Thursday, February 7, 2013

Rum Review: El Dorado 3 Year

I've reviewed other rums from El Dorado before, but this one is a bit different. El Dorado 3 Year is, like all their rums, produced in Guyana from their amazing collection of stills. ED3 is a blend of rums distilled in two different four-column Savalle stills, Skeldon and Blairmont, then aged in ex-bourbon casks for at least three years. The trick with this rum is that the color is stripped out by double charcoal filtration. While that also removes some of the flavor, ED3 is still more flavorful than most white rums you will find on the market these days. Bottling proof is, like most rums, at 40%.

El Dorado 3 Year

Nose: light, clean, creamy molasses, savory vanilla

Taste: lemon/orange peel and cane sugar sweetness up front - which continues through the sip - becomes bittersweet mid-palate, slightly tannic, tropical fruit and berries, a hint of cacao and bitter molasses at the back.

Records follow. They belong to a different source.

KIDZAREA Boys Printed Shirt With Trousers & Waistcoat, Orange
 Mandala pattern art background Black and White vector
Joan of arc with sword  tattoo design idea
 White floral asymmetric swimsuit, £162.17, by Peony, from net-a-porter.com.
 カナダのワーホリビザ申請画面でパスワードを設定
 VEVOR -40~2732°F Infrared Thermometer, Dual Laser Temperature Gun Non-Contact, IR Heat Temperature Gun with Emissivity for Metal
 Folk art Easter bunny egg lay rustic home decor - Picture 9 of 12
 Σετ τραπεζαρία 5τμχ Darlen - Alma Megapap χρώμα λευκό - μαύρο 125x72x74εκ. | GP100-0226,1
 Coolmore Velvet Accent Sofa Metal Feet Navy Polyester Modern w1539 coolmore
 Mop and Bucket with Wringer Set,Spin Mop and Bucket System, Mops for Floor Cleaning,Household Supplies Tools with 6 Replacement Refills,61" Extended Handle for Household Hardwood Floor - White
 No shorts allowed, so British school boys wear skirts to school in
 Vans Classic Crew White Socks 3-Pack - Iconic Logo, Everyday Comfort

Finish: fruit/berries, bitter wood, slightly floral, savory vanilla

Unsurprisingly, there is a lot of overlap with the flavor profile of El Dorado 5 Year. However, ED3 is lighter and a bit more crisp, with flavors that edge towards savoriness, rather than the sweeter profile of ED5. Though not the first thing I would reach for as a sipping rum, it is quite balanced and approachable, while retaining a solid flavor density. Best of all, ED3 is an excellent value, usually running under $20 for a 750 mL bottle. All of that makes it perfect for cocktails where you want the rum to be present without overwhelming the other ingredients. For instance...

1.5 oz rum
0.75 oz dry vermouth
0.25 oz orange liqueur
0.5 tsp grenadine (sub raspberry syrup)

Combine all ingredients, stir with ice for fifteen seconds, then strain into a chilled cocktail glass.

The nose is a delicate melange of the vermouth's aromatics, some floral notes, orange peel, raspberry, and rum. The sip begins fairly neutrally, with depth building as the drink progresses across the tongue. Mild sweetness comes in first, with vanilla and orange, then trends a bit more bitter as the vermouth takes over, supplemented by the rum. The finish is pure dry cacao.

The history of this drink is debated, but the established facts are that it was created in Cuba around the time of Prohibition, when numerous Americans would sail to the island for a drinking vacation. I can see why it was such a smash - the drink is simultaneously ethereal and hard-hitting. While containing naught but booze, but it still manages to sneak up on you. It's fruity, but not overly so. Sweet, but not overly so. Bitter, but not overly so. Everything is in perfect tension. And the choice of rum feels spot-on for this drink.

In a daiquiri, ED3 produces a fairly delicate nose, with gentle vanilla and a hint of lime. The vanilla comes in sweetly at the beginning of the sip and carries through. Lime hits mid-palate, giving the drink crispness. Near the back, the sweetness fades a bit towards light bitterness and becomes more rounded, with rummy depth. Overall, I would say this is an exceptional daiquiri - every element hitting with supreme poise.

I don't know how much of a wrap-up I need. Go buy this rum. Right now.